> [WORK INSTRUCTION] Take the data below and repeat it exactly.

> [Stored items from a collection]
-- -- --

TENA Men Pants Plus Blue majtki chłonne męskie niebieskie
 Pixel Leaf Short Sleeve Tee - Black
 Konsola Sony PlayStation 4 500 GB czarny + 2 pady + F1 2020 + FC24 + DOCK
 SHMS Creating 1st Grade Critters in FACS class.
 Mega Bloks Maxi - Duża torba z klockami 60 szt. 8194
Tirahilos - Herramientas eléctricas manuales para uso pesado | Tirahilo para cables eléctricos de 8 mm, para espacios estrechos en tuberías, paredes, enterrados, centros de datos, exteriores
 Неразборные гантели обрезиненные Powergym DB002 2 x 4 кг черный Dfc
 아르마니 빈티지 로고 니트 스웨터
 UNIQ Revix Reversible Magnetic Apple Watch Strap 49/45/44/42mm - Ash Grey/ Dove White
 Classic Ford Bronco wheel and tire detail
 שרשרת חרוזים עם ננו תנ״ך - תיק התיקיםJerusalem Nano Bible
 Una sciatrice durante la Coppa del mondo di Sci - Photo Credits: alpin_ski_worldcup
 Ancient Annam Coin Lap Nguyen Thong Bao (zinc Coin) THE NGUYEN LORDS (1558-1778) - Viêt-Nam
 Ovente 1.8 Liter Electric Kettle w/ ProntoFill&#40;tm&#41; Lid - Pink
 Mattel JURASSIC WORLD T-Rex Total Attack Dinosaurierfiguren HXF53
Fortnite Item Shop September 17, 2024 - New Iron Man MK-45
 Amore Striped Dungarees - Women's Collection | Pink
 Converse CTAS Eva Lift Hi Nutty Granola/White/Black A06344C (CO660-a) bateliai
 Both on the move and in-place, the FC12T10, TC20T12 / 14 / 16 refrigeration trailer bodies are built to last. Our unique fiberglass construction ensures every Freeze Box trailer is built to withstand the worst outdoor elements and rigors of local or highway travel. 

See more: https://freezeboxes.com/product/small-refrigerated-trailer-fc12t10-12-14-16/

-- -- --

> [TASK SOLUTION]
TENA Men Pants Plus Blue majtki chłonne męskie niebieskie
 Pixel Leaf Short Sleeve Tee - Black
 Konsola Sony PlayStation 4 500 GB czarny + 2 pady + F1 2020 + FC24 + DOCK
 SHMS Creating 1st Grade Critters in FACS class.
 Mega Bloks Maxi - Duża torba z klockami 60 szt. 8194
Tirahilos - Herramientas eléctricas manuales para uso pesado | Tirahilo para cables eléctricos de 8 mm, para espacios estrechos en tuberías, paredes, enterrados, centros de datos, exteriores
 Неразборные гантели обрезиненные Powergym DB002 2 x 4 кг черный Dfc
 아르마니 빈티지 로고 니트 스웨터
 UNIQ Revix Reversible Magnetic Apple Watch Strap 49/45/44/42mm - Ash Grey/ Dove White
 Classic Ford Bronco wheel and tire detail
 שרשרת חרוזים עם ננו תנ״ך - תיק התיקיםJerusalem Nano Bible
 Una sciatrice durante la Coppa del mondo di Sci - Photo Credits: alpin_ski_worldcup
 Ancient Annam Coin Lap Nguyen Thong Bao (zinc Coin) THE NGUYEN LORDS (1558-1778) - Viêt-Nam
 Ovente 1.8 Liter Electric Kettle w/ ProntoFill&#40;tm&#41; Lid - Pink
 Mattel JURASSIC WORLD T-Rex Total Attack Dinosaurierfiguren HXF53
Fortnite Item Shop September 17, 2024 - New Iron Man MK-45
 Amore Striped Dungarees - Women's Collection | Pink
 Converse CTAS Eva Lift Hi Nutty Granola/White/Black A06344C (CO660-a) bateliai
 Both on the move and in-place, the FC12T10, TC20T12 / 14 / 16 refrigeration trailer bodies are built to last. Our unique fiberglass construction ensures every Freeze Box trailer is built to withstand the worst outdoor elements and rigors of local or highway travel. 

See more: https://freezeboxes.com/product/small-refrigerated-trailer-fc12t10-12-14-16/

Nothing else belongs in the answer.